Tyler Johnson Was Here(39)
My tongue presses up against my cheek, and I look at the ceiling, thinking about Principal Dodson telling me not to embarrass him. I tell him the truth. “Dad is in jail for a crime he didn’t commit, because our justice system is corrupt, and sometimes it feels like I don’t even have a dad anymore because of that.”
I watch his eyebrows furrow and he gives me a side-smile, like he feels sorry for me.
“What about your mother?”
“Mama doesn’t know much about this interview,” I answer him. Really, she doesn’t know about it, period.
“Why?” He leans back, chewing on the cap of his pen. “Why doesn’t your mother know?”
“Her mind is somewhere else.” I sigh. And now I’m realizing that mine is also.
“Where, Mr. Johnson? Where is her mind? Is it drugs?”

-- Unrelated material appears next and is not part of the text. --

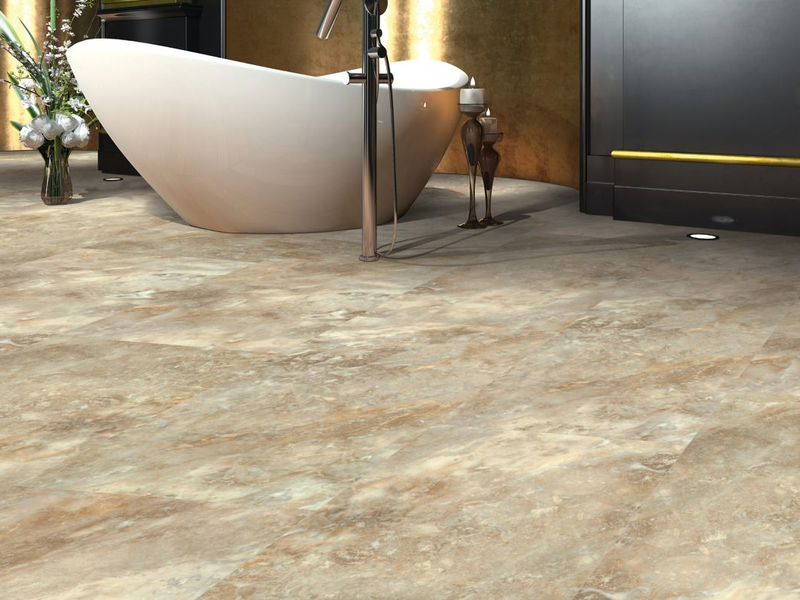 Large stone-look Mohawk luxury vinyl tiles in cream and brown marbling compliment chic bathroom design.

I sort of roll my eyes, a bad taste in my mouth. “No. Sir.” My chest feels tight, my throat is numb, and it’s so fucking hard to breathe right now.
“Then what is it, Mr. Johnson?” He squints at me, a small frown that passes quickly. I close my eyes for a few seconds, inhaling and exhaling hard.
I see Tyler lying on that metal table. The video plays back in my head. Tyler’s voice swishes around the room like the blood in my veins, and I squeeze my eyes shut.
Pop!
Pop!
Pop!
I blink back the tears.
“Her mind is on my brother. He die—no—he was murdered,” I say.
“I’m so sorry to hear that, Mr. Johnson.” Silence takes over the room again.
I nod, trying so hard to ignore the sourness in my stomach.
“Your brother is dead, and you’re here?” He closes his files and points at me with his pen. “That says a lot about your character, Mr. Johnson. Very courageous of you.”
Fuck that. Fuck courage. Fuck it all. And now I feel so shitty because he’s right. I’m here in a fucking interview and my brother is fucking dead.
“Would you like to reschedule the interview? For an African-American male with your record—strong grades, glowing recommendations, and nearly perfect SAT scores—I’d love to give this a second chance. We need more students like you, Mr. Johnson.”
I try to ignore his you-are-smart-for-a-black-kid suggestion. “Maybe this isn’t a good idea after all.”
He leans back in his seat. “I see. How about this?” He drops his pen on the desk in front of him. “The first part of the application is due January first. How about you send your application in, and if everything is as impressive as we’ve been led to expect, I’ll be happy to recommend you. I wouldn’t normally tell a student that before seeing his formal application, but I think you’re potentially the right fit for MIT, and you’d help diversify our student body. How does that sound?”
I brush my face with the palms of my hands, feeling my eyes blink one, two, three times. “Yes, I’ll have it ready by then.” My heart thuds and my ears ring, but there’s a blanket of calmness that suddenly wraps around me.
“Very well, Mr. Johnson.” We shake hands again.
As I leave the room, my phone buzzes in my pocket.
I silently wish for it to be Mama, or maybe Ivy and G-mo asking how everything went down with my interview, but it’s just a Twitter notification that Faith is now following me.
? 19 ?
DATE: NOVEMBER 16, 2018
TO: MARVIN D. JOHNSON (MY SON)
FROM: JAMAL P. JOHNSON
PRISON NUMBER: 2076-14-5555
MESSAGE:
Son,
I don’t have the words to express my pain. I know it’s a pain you’re feeling, too.
People will try to convince you that you don’t deserve to live.
That you don’t deserve to exist.
They’ll ignore your voice. Lock you up.
They’ll even kill you to take you out of this world.
And through it all, you have to fight. Fight to remind yourself that you do matter. That you do deserve to exist. That you do deserve to have your voice heard.
When the whole world’s trying to convince you that you don’t matter, it can be a constant struggle—day in, day out—to remember that you do.
But you have to. Because if you don’t, then that’s really when you’ve lost yourself.
Tyler is gone, and as his and your father I should’ve been there, should’ve protected him. I’m sorry, Marvin. But I want to do better by you.
I know you’re feeling anger. You’re feeling hatred for the man who took Tyler away from us. But don’t let that anger and hatred consume you, or that man’s taken your life, too.
I love you.
Stay strong,
Daddy
If you have a brother, and he dies, what do you do? Do you suddenly stop saying that you have one? Do you pretend he was just a piece of your past that you’ll slowly start to forget?
I remember the huge protests after other shootings of black and brown kids. I need to do that, too. I need to make people aware of what happened to Tyler. I have to lift my voice, and I can’t keep being quiet, sitting around as if I’m waiting for things to fix themselves.
I stay home to be with Mama the next day, laptop turned away so that she doesn’t know I’m scrolling through pages and pages of Google searches on how to begin protests. I can’t just sit at home and cry and grieve because that ain’t going to do shit, and it ain’t going to bring Tyler back either.